The paragraph ^^ above is exactly what I was looking for. The nitty gritty of what _could_ be a possible scenario for future allotment, the possible shifting of resources towards a better timeline. That answers my question pretty well. Rather than trying to butt in with another user group, even just aligning the existing user groups interests' in the right way could benefit the rec group already. I could see that on some of these streams. 

I know ECWD has _some_ connection to the paddling community, at they did at one time at least. In the sumemr of 2010 they accidentally stored too much water in Joe's Valley Res, and ended up having a small excess to prepare for winter levels and let out 199.95 cfs for just about a month. I'm pretty sure there was a message posted here that I read and that spurred me to go and enjoy it. So the word was put out through enough channels that I, in a different state and network, still heard of it, and if it that worked for a random, unexpected flow event, then I would have to believe their network to inform boaters may already be in place and working. There inevitably seems to be info coming out about Muddy Creek every season too.

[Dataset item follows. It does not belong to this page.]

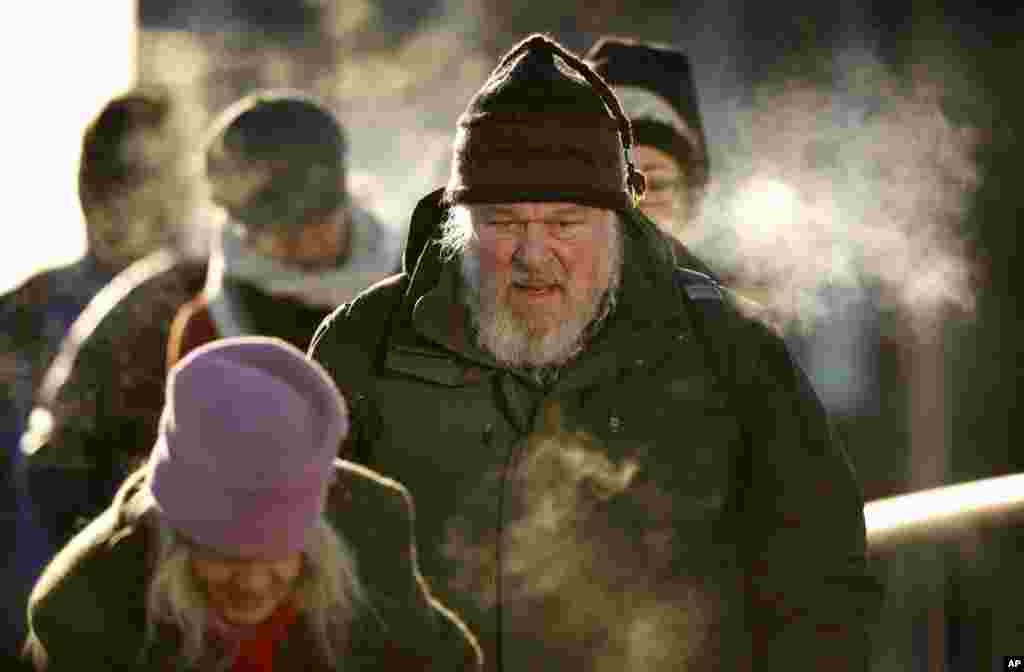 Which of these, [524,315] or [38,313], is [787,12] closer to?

Thanks for the survey and for answering my questions, Evan. I understand and support what's going on, and I wasn't trying to needle AW or anyone else, I was just genuine interested in some of the details. Thanks for everything you do and thanks to AW for looking out for us. We all appreciate it immensely!


----------



## AW-Evan (May 27, 2014)

Bump!!! Black Boxes and San Rafael drainage paddlers! We still need a few more respondents to make this survey legit! If you've run any of these stretches or know someone who has please fill out/ have them fill out the survey. Even if you've only one run of the reaches. Thanks!!!


----------